7. Dead links (broken links) are bad for user experience and an absolute waste of link juice (use Google Webmaster Tools to help find this).

8. If your site gets hacked, your traffic will drop. Scanning only detects 30% of threats, however, “File Integrity Monitoring” detects ~100%. For SMB’s Jonathan suggests CodeGuard, for Enterprise sites he suggests: NetIQ – TripWire – nCircle.

9. Failure to patch WordPress is the number one source of exploits.

10. SEO intangibles – happy visitors generate links, referrals, Tweets, etc. How do you get this? Your site should load quickly, correctly, smoothly, on any browser, any computer and any mobile device.

11. People do print things out, make sure you have a print media stylesheet and get rid of menus and so forth.

12. Use WuFoo to create forms and reduce as much friction as possible!

*A lot of these included snippets of code that could not be taken down quickly enough.

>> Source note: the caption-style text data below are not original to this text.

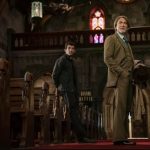 Knives out 3, wake up dead man: tutti i dettagli sul nuovo film con daniel craig in arrivo a dicembre 2025
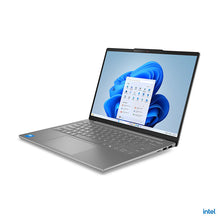 Load image into Gallery viewer, Lenovo IdeaPad Slim 5 14IAH10 83NC0014SB - Ultra 5 225H, 24GB RAM, 1TB SSD, 14" OLED
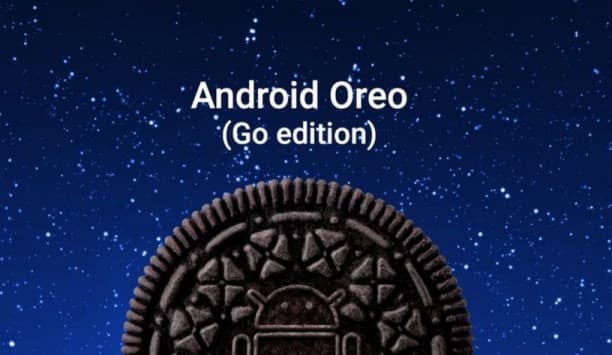 android-oreo-go-edition-image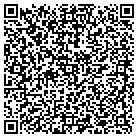 QR code with Balczewski Custom Mach & Fab contacts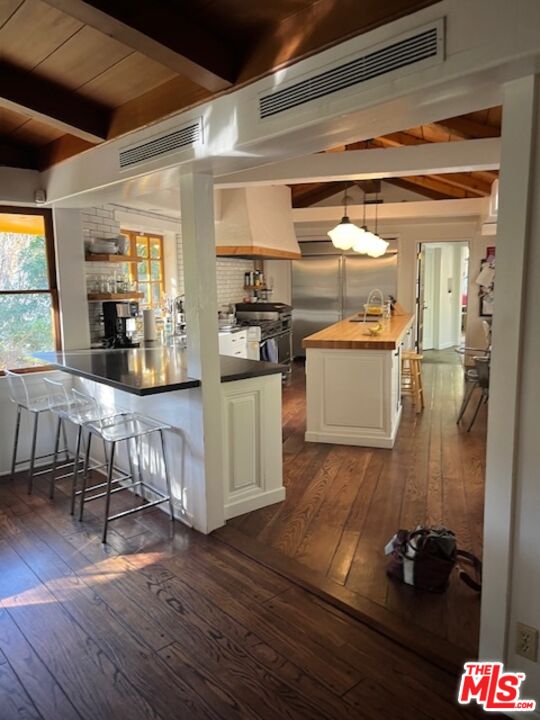 11909 Laurel Hills Rd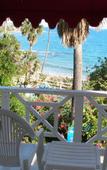 Туры в отель Treasure Beach Hotel Туры в отель Treasure Beach Hotel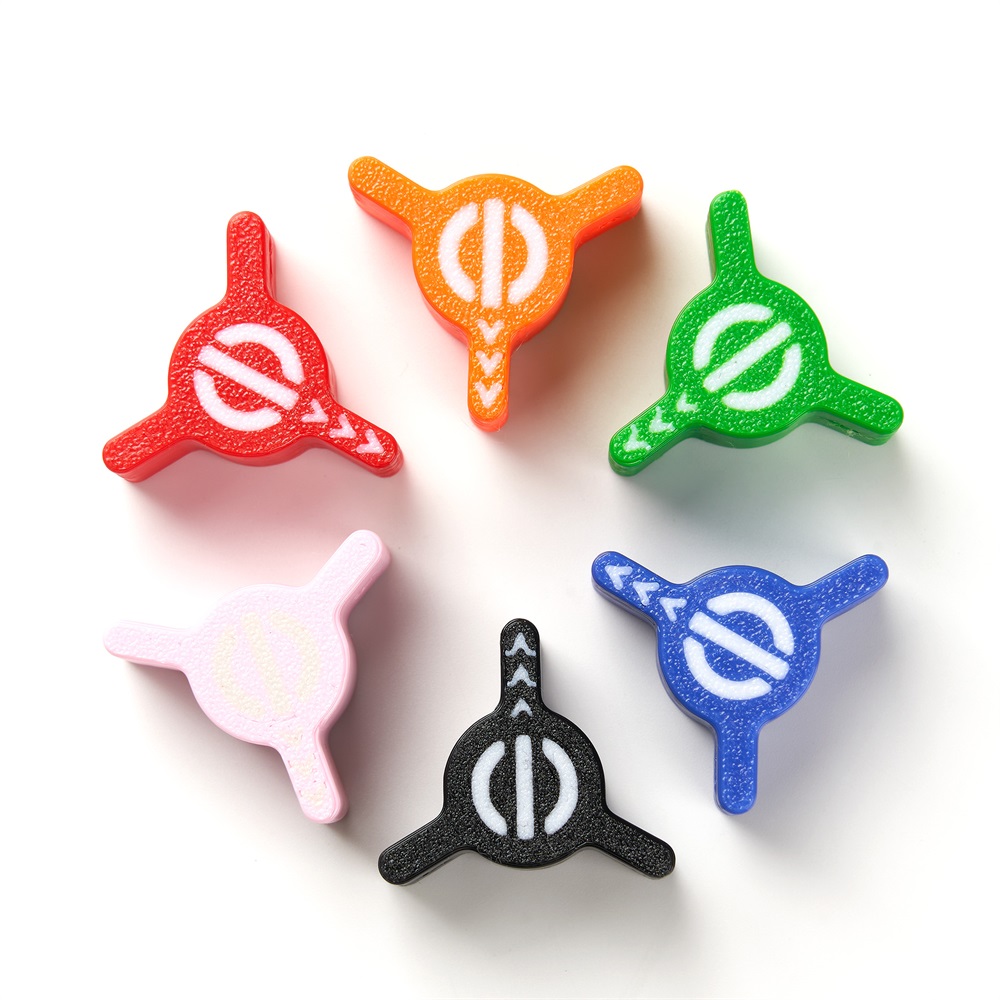Outil de réglage de la pointe  - Hunting Bow Compound avis et prix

Please look for Jonathan’s slides when they come online.

Top tips from John:

1. All of the above is relevant because it is what Google does.

2. Google URLs bucket includes: known URLs, new URLs from links, Sitemaps and feeds and from the Add-URL page.

3. Google may try crawling different keywords even if your orphaned content is not well indexed using searchable web forms.

4. Google’s scheduler tries to treat your server with respect, possible reasons that would hurt the scheduler would be a slow server or having too many URLs. (Shared servers are not advisable!!).

5. Your robots.txt file must be stable and should not change throughout the day or too regularly, or based on user agent.

6. You can monitor Google’s whole pipeline by using Webmaster Tools and fetching a page as Googlebot. This will flag up any issues that you may send to Google’s scheduler.

7. Google’s Parser tries to extract text and context as well as the links. Reasons this might go wrong would be having bad content (CMS trying to optimise for Googlebot may lead to broken HTML that can’t be crawled and indexed properly).

8. Additionally, “soft 404” pages tells Google that you want these pages indexed – don’t do it.